The (little endian) bit assignments are
47:39 | PML4E index |
38:30 | PDPTE index |
29:21 | PDE index |
20:12 | PTE index |
11:0 | offset |
The layout just described is for 4KB pages (2^num offset bits = 4096). Larger page sizes are supported by dropping the lower levels of the hierarchy and increasing the size of the offset. 2MB pages are stored in a PDE and 1GB pages in a PDPTE.
So what about bits 63:48 ? They should be the same as bit 47, ie the linear address is sign extended to 64-bits. This is known as the canonical form, and you’ll get an exception if the most significant bits are anything else.
There are also some legacy addressing modes supported.
Physical Address Extension (PAE) is similar to 64-bit mode, but loses the PML4, and has only a two bit index (31:30) into the PDPT.

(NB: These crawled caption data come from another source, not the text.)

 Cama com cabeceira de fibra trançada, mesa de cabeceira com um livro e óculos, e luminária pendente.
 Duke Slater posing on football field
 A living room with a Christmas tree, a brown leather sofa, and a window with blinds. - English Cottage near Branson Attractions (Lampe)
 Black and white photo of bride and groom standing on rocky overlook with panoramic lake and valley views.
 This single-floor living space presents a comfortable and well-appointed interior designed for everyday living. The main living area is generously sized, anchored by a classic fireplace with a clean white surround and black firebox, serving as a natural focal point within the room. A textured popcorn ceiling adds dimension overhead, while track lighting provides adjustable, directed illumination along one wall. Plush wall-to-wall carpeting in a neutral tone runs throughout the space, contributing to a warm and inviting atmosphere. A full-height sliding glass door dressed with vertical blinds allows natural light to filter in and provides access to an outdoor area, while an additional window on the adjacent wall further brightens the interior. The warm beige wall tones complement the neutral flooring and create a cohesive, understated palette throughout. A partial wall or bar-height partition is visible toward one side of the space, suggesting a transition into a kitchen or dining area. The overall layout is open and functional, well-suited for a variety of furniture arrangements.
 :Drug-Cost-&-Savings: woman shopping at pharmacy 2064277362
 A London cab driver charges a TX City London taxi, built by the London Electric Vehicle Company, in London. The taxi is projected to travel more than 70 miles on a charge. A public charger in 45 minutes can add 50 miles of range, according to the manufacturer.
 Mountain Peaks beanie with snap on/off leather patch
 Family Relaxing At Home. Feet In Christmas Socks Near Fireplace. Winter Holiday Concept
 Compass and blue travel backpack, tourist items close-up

32-bit mode loses both the PML4 and PDPT. Also, PDEs and PTEs halve in size from 8-bytes to 4-bytes, though the tables stay the same size (4KB), so an extra bit is used to index each.
31:22 | PDE index |
21:12 | PTE index |
11:0 | offset |
In all paging modes, the CPU has a single global (physical address) pointer to the top level of the hierarchy. This is stored in Control Register 3 (CR3).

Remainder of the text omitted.